Bathroom Monologue: Sometimes in the same monologue

“You find the short story unbelievable? Oh, good! I was afraid people would think it actually happened. What, you think unbelievable fiction is bad? I say thinking fiction happened is much worse. I want people to think I made it up. I’m the creator, not the reporter. I don’t write what happened or what could happen – if you want that head over to the Non-Fiction section, which routinely outsells Fiction, so I can’t imagine you’ve never heard of it. No, my fiction is there to let me write what I’d like to happen, or what I very much don’t want to happen. Sometimes at the same time. Sometimes in the same sentence.
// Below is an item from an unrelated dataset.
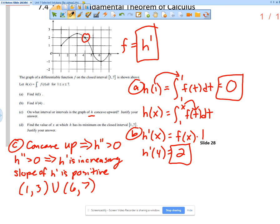So the answer is h is concave upward on intervals 1 to 3 and 6 to 7. The justification: concave up is when h double prime is greater than 0, and h double prime greater than 0 is when h prime is increasing, or when the slope of h prime is positive — which occurs from 1 to 3 and 6 to 7. That meaning behind it is our justification.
Why even bother having a creative drive in my head if all I’m just going to report what I think is plausible in made-up stories? That’s why the story opens with a woman knocking over a man and falling in love at first sight as he asks her to get off of him. It’s funny and it leads to a relationship that I’d like to exist, but that can’t if it never enters anybody’s head as acceptable, and an alien idea can’t be acceptable until somebody brings it up. Every story needs its own internal truth, a personal plausibility, but realistic stories are dreadful. I don’t want to write them. I’m not particularly compelled to read them, because I have the cheaper and richer alternative of going outside for all the reality I can eat. I passed Journalism in college, but passed it even more enthusiastically as a career choice. If it’s unbelievable, implausible and downright ludicrous, then let’s have a look at it. It might be funny, terrifying, or both, or neither but having some other quality worth examining, or at least experiencing. Experiencing what we don’t have – there’s a purpose for a creative drive. I don’t believe a prince of Denmark met his deceased father in the dead of night, and I most certainly don’t believe the two talked over the matter in English – but I still like Hamlet.”